Abdominal fat accumulation (visceral/hepatic) has been associated with hepatic insulin resistance (IR) in obesity and type 2 diabetes (T2DM). We examined the relationship between visceral/hepatic fat accumulation and hepatic IR/accelerated gluconeogenesis (GNG).

In 14 normal glucose tolerant (NGT) (body mass index [BMI] = 25 ± 1 kg/m²) and 43 T2DM (24 nonobese, BMI = 26 ± 1; 19 obese, BMI = 32 ± 1 kg/m²) subjects, we measured endogenous (hepatic) glucose production (3-³H-glucose) and GNG (²H₂O) in the basal state and during 240 pmol/m²/min euglycemic-hyperinsulinemic clamp, and liver (LF) subcutaneous (SAT)/visceral (VAT) fat content by magnetic resonance spectroscopy/magnetic resonance imaging.
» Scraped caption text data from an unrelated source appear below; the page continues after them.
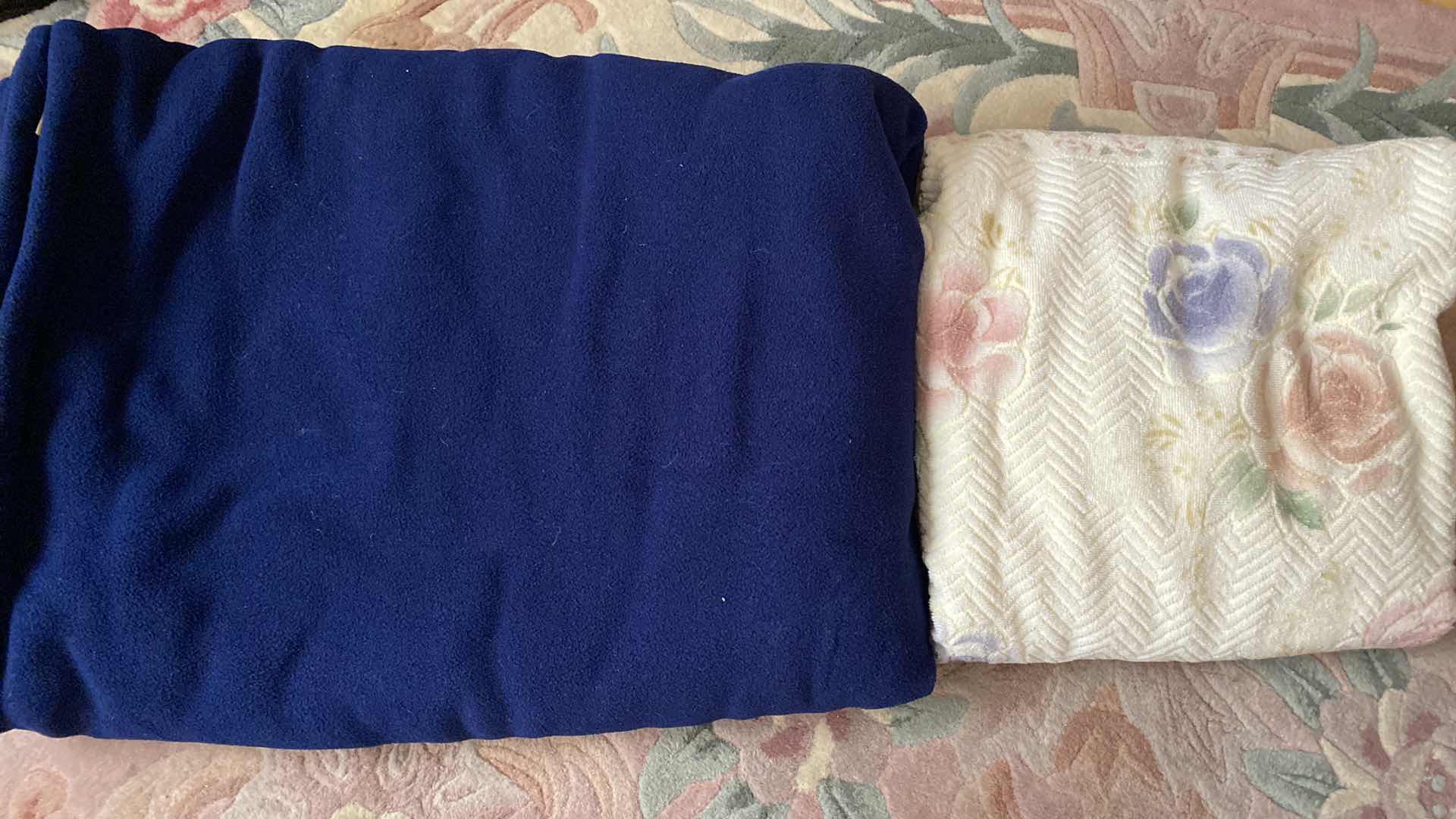 Photo 1 of NAVY POLAR FLEECE BLANKET AND TERRY BLANKET QUEEN SIZE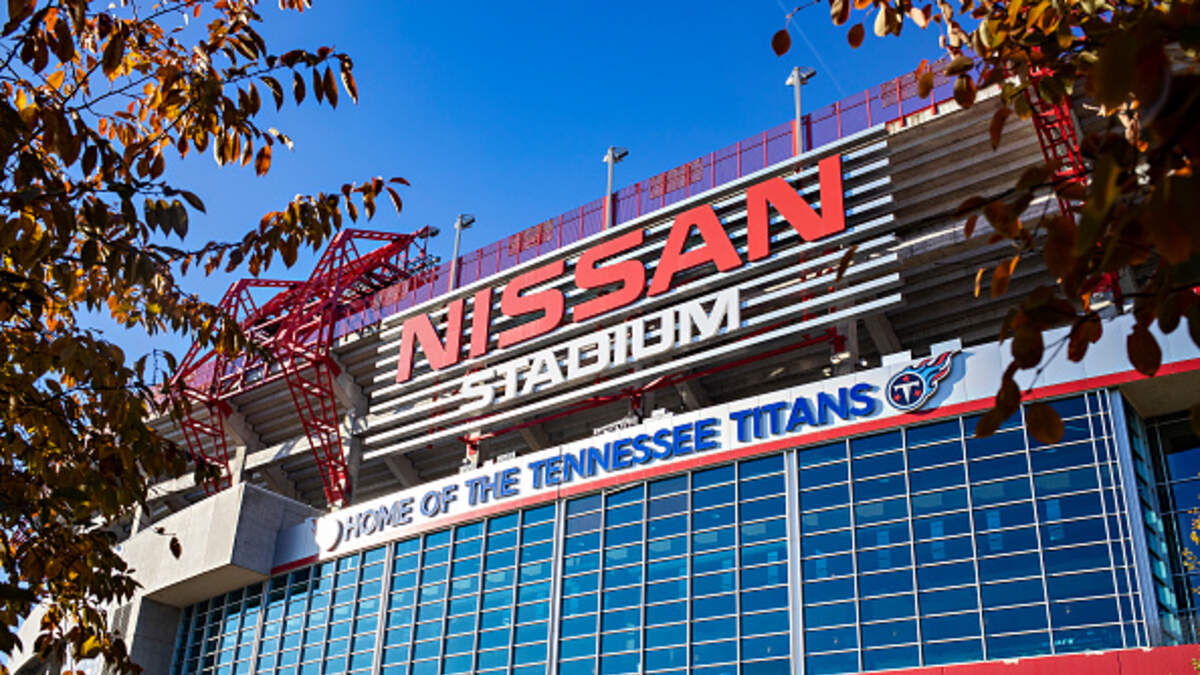 Nashville's Nissan Stadium transitions to cashless payments for all events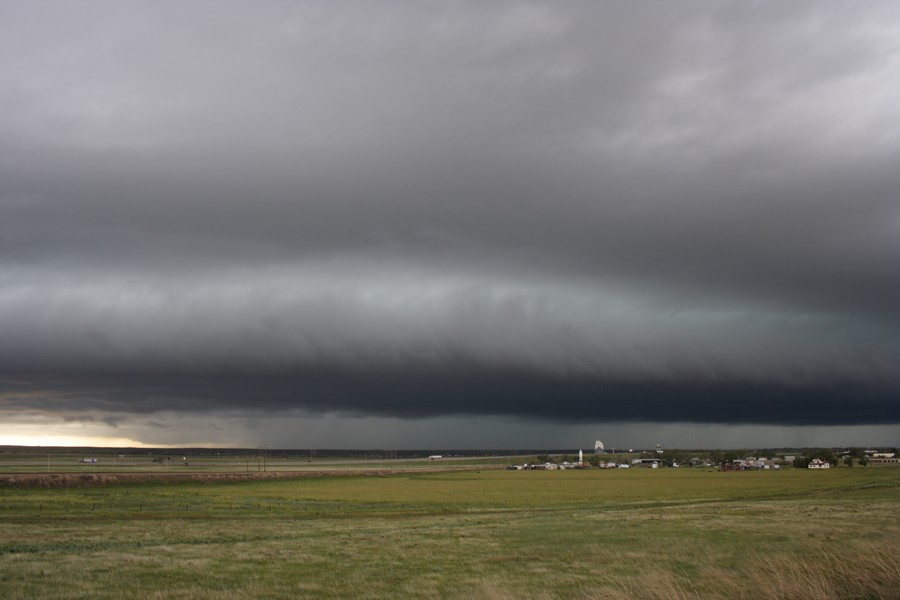 shelfcloud shelf_cloud : E of Limon, Colorado, USA   29 May 2007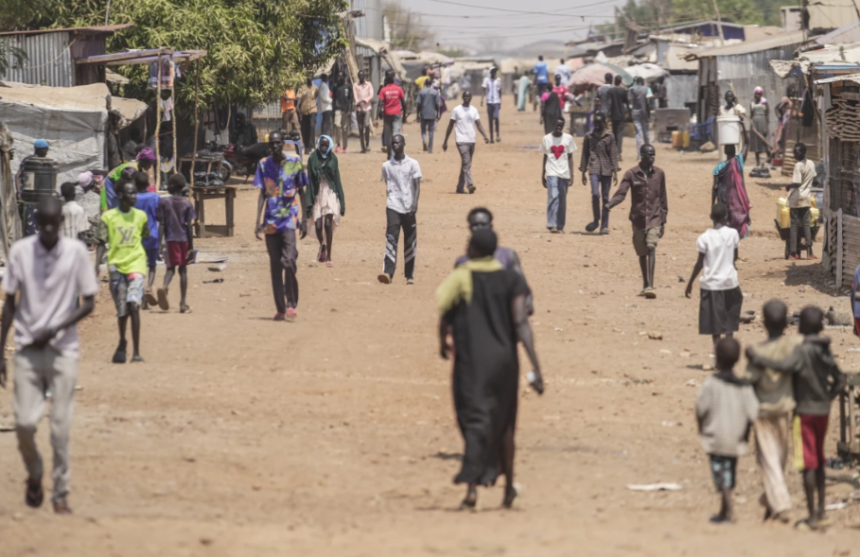 Desplazados internos caminan por una calle el jueves 13 de febrero de 2025, en Juba, Sudán del Sur. (AP Foto/Brian Inganga, Archivo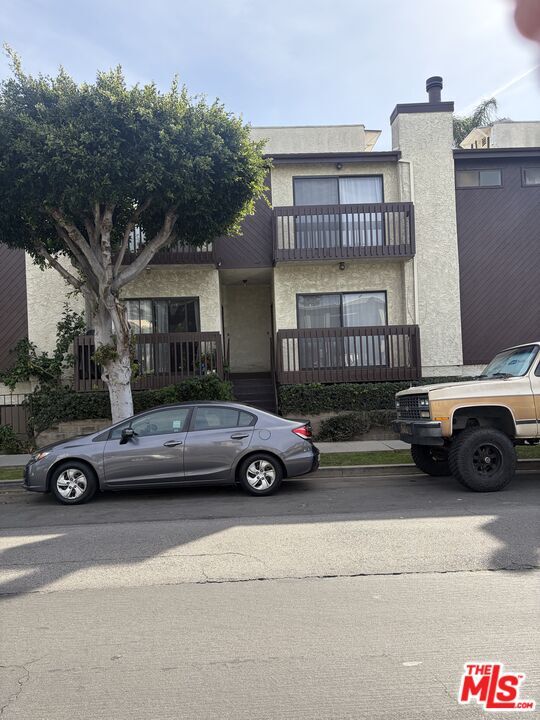 Building Photo - 1702 Brockton Ave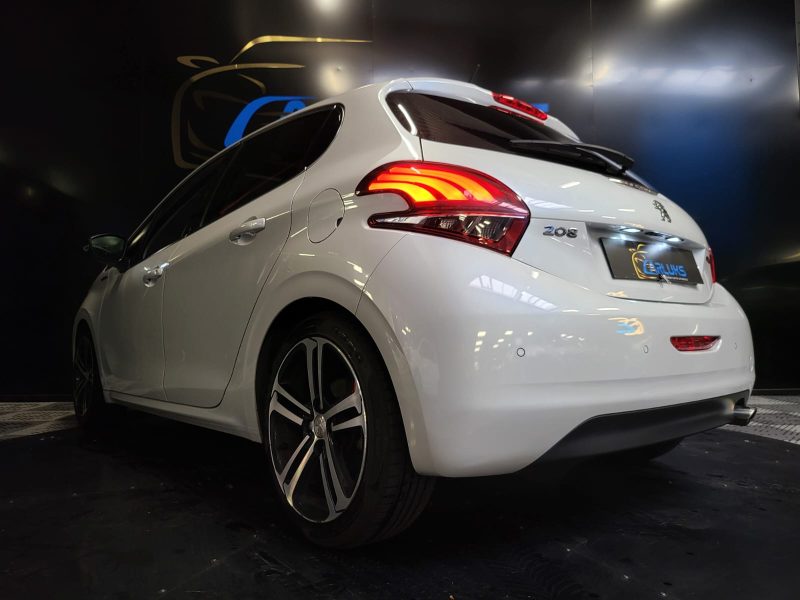 PEUGEOT 208 1.2 THP 110CH GTLINE / TOIT PANORAMIQUE+APPLE CARPLAY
LF was increased in lean T2DM compared with lean NGT (18% ± 3% vs 9% ± 2%, P < .03), but was similar in lean T2DM and obese T2DM (18% ± 3% vs 22% ± 3%; P = NS). Both VAT and SAT increased progressively from lean NGT to lean T2DM to obese T2DM. T2DM had increased basal endogenous glucose production (EGP) (NGT, 15.1 ± 0.5; lean T2DM, 16.3 ± 0.4; obese T2DM, 17.2 ± 0.6 μmol/min/kg_ffm; P = .02) and basal GNG flux (NGT, 8.6 ± 0.4; lean T2DM, 9.6 ± 0.4; obese T2DM, 11.1 ± 0.6 μmol/min/kg_ffm; P = .02). Basal hepatic IR index (EGP × fasting plasma insulin) was increased in T2DM (NGT, 816 ± 54; lean T2DM, 1252 ± 164; obese T2DM, 1810 ± 210; P = .007). In T2DM, after accounting for age, sex, and BMI, both LF and VAT, but not SAT, were correlated significantly (P < .05) with basal hepatic IR and residual EGP during insulin clamp. Basal percentage of GNG and GNG flux were correlated positively with VAT (P < .05), but not with LF. LF, but not VAT, was correlated with fasting insulin, insulin-stimulated glucose disposal, and impaired FFA suppression by insulin (all P < .05).

Abdominal adiposity significantly affects both lipid (FFA) and glucose metabolism. Excess VAT primarily increases GNG flux. Both VAT and LF are associated with hepatic IR.